■ WHAT THE TASK REQUIRES: Every line from the one with "Hiking & Trekking" to the one with "Bandana Bibs - Rufus", including those two, is to be copied exactly; all other lines of the entries below are left out.

═══

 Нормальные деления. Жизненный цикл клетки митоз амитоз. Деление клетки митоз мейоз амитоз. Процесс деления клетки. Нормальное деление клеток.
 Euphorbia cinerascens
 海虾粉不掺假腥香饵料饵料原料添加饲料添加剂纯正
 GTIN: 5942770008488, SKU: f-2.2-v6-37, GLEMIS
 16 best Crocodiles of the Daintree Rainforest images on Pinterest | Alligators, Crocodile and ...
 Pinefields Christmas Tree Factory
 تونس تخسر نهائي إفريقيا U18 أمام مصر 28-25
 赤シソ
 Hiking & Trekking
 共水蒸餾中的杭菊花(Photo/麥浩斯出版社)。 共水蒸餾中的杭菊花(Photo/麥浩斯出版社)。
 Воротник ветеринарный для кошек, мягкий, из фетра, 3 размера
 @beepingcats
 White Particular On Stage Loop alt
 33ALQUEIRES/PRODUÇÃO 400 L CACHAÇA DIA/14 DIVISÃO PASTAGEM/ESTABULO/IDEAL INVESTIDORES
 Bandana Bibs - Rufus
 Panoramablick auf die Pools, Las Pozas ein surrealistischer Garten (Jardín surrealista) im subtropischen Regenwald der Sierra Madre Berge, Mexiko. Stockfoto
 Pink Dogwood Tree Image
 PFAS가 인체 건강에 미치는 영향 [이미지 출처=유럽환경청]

═══

■ EXERCISE RESULT:
 Hiking & Trekking
 共水蒸餾中的杭菊花(Photo/麥浩斯出版社)。 共水蒸餾中的杭菊花(Photo/麥浩斯出版社)。
 Воротник ветеринарный для кошек, мягкий, из фетра, 3 размера
 @beepingcats
 White Particular On Stage Loop alt
 33ALQUEIRES/PRODUÇÃO 400 L CACHAÇA DIA/14 DIVISÃO PASTAGEM/ESTABULO/IDEAL INVESTIDORES
 Bandana Bibs - Rufus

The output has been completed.